シックな私服に着替え玄関でブーツを履く水野の背中には、妙に哀愁が漂っていた。
―――――
街で服や靴を見たり、店で適当なスイーツを買って頬張っていたりした水野はふと、街の異変に気付く。
やけに剣呑とした張り詰めた雰囲気。剣道の試合でよく感じていた場違いなそれに、水野は首を傾げる。
「なんで、こんな?」
何かが砕ける音が響き、水野は音がしたほうへと駆け出す。
路地裏へと駆け込むとそこでは喧嘩が起こっていた。片方が相手の顔を殴れば、殴られたほうは落ちていたビンで殴った相手の頭を殴る。

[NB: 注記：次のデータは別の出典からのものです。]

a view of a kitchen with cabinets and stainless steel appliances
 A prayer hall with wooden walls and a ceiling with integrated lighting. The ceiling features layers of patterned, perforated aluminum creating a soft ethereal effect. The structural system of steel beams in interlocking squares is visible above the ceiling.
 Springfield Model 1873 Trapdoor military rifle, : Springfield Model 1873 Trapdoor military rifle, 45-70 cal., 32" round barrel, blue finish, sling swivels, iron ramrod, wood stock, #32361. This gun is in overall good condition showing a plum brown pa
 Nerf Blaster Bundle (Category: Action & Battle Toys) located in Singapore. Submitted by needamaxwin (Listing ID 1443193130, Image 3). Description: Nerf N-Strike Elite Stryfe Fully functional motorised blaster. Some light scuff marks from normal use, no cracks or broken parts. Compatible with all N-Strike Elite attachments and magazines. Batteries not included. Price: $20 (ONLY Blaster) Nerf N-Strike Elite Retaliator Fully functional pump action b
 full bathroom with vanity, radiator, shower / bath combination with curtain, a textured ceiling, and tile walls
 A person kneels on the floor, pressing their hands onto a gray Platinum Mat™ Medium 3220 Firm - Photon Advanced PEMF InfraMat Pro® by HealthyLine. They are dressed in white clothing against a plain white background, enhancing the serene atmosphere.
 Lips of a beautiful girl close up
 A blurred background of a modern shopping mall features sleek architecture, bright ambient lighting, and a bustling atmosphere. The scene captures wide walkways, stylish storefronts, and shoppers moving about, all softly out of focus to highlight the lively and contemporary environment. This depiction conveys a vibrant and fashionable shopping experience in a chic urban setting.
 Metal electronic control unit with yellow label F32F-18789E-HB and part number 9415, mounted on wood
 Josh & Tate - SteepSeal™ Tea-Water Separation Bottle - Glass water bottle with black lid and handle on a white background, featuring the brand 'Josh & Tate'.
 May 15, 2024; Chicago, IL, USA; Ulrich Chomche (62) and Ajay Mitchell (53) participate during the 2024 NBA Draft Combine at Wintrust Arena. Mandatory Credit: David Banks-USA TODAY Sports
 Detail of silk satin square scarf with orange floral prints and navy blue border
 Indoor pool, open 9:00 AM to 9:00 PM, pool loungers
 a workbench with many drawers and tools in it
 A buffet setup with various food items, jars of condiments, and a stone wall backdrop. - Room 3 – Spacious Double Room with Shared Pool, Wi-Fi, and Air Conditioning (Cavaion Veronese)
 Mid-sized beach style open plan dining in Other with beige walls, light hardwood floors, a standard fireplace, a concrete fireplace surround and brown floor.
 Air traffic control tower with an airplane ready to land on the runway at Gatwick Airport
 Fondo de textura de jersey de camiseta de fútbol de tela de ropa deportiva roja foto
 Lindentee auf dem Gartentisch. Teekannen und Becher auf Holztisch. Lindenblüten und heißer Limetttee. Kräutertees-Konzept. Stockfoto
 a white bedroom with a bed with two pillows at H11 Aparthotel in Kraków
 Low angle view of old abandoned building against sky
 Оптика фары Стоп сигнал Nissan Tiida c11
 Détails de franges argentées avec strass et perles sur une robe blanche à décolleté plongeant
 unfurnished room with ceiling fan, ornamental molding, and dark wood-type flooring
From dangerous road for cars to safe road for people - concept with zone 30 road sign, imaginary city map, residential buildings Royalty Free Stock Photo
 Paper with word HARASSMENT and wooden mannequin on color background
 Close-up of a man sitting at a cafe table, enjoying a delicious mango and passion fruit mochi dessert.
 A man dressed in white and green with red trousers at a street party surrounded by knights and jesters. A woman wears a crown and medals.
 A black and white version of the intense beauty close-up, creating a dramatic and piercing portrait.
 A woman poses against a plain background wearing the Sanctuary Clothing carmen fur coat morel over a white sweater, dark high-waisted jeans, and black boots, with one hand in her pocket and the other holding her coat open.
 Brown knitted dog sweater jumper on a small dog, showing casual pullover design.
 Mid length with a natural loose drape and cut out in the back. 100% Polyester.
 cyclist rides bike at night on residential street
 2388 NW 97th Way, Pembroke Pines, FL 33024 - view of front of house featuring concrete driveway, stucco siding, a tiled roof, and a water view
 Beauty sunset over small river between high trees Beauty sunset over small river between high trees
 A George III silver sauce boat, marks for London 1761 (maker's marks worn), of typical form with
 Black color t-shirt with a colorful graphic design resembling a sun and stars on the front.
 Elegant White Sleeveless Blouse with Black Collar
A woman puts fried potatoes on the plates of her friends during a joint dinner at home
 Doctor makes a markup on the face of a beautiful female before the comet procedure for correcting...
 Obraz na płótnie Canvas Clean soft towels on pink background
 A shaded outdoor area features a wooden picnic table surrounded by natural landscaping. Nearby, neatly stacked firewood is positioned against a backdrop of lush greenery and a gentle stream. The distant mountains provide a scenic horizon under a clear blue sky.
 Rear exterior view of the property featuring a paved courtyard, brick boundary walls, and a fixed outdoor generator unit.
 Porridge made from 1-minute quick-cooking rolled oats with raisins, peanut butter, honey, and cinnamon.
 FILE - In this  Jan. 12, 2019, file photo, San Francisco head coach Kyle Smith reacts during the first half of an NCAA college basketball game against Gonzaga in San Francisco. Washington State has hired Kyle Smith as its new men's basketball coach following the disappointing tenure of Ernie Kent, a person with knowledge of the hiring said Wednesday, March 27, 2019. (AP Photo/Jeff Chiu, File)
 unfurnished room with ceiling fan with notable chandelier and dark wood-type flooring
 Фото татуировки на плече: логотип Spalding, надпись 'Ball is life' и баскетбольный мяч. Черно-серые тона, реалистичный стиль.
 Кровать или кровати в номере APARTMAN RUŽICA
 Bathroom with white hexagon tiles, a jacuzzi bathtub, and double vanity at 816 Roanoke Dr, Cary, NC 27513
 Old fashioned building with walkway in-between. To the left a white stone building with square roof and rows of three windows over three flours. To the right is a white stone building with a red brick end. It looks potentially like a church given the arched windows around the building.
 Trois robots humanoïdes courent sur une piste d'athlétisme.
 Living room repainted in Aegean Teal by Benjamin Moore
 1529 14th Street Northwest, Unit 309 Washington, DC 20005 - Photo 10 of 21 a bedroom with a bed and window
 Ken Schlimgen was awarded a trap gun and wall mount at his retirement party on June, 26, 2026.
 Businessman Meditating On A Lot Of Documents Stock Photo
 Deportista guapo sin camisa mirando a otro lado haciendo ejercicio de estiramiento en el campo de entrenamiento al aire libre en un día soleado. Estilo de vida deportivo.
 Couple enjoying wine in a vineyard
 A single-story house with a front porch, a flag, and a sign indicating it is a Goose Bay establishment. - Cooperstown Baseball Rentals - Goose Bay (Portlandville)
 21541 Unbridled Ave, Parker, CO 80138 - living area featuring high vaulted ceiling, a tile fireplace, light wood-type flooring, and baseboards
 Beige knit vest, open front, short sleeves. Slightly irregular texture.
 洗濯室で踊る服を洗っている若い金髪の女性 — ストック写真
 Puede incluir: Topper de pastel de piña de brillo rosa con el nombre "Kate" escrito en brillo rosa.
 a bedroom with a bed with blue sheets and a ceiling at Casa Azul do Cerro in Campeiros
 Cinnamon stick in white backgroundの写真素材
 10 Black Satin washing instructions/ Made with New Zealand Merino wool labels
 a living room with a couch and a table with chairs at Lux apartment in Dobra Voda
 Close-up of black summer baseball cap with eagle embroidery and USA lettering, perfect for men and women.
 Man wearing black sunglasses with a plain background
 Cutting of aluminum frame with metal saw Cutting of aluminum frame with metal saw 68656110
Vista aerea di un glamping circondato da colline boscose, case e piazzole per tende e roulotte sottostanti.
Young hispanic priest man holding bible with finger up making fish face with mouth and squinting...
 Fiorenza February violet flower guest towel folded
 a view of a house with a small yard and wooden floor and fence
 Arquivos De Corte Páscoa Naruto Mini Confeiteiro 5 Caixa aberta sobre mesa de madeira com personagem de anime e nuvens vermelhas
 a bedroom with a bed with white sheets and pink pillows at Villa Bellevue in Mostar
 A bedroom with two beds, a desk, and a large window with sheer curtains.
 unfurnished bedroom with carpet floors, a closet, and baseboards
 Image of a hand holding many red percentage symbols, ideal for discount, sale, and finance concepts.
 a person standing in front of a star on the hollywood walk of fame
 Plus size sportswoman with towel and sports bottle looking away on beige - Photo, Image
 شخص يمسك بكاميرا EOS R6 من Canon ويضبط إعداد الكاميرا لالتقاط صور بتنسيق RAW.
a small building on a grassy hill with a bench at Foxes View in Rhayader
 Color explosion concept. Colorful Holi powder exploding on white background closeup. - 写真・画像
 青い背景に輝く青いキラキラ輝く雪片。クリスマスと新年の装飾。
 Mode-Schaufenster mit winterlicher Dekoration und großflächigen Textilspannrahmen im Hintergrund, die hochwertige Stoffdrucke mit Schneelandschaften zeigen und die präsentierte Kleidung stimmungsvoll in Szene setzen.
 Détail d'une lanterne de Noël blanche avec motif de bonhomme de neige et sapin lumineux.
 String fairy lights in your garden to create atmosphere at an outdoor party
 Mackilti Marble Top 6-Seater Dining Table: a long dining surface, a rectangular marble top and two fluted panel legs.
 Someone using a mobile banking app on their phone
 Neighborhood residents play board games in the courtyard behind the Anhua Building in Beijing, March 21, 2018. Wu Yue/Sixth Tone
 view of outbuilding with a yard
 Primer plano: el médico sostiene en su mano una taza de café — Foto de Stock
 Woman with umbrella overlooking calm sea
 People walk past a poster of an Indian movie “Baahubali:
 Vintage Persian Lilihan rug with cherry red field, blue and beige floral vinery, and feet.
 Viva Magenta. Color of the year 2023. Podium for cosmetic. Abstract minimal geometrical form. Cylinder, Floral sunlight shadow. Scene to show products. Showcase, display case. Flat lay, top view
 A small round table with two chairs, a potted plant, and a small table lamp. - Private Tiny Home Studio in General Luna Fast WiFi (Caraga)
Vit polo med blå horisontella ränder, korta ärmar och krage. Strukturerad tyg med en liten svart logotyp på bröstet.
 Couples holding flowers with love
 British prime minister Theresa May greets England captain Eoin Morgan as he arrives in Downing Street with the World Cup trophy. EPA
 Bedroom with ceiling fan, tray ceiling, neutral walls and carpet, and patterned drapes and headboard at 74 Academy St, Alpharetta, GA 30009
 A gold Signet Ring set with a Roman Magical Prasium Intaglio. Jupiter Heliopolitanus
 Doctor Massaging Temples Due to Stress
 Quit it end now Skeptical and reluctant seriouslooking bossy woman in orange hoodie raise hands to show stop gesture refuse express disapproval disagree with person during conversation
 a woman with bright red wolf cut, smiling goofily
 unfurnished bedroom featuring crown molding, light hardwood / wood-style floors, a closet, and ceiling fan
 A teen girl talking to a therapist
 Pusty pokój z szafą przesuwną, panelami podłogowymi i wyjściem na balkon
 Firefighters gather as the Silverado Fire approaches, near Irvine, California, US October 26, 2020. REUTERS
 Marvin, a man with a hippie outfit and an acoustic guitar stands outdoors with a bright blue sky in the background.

段々とエスカレートしていき殺意すら見え始めたそれに、水野はあわてて割り込んだ。
「それ以上は駄目だ! 死んじまうぞ!?」
「うるさい! そ、そうやって、あんたも一緒になって!」
「俺じゃない! お前の方が!」
「何……!?」
割り込んで両方の顔を見て初めて気付く。これは、水野の大学の同期。それも、とても仲がいいことで有名だった二人。そして、その目に浮かんでいたのは以前倒した怪獣と同じ、怯えや怒り。揺れる瞳に釣られるように、水野の心も揺れる。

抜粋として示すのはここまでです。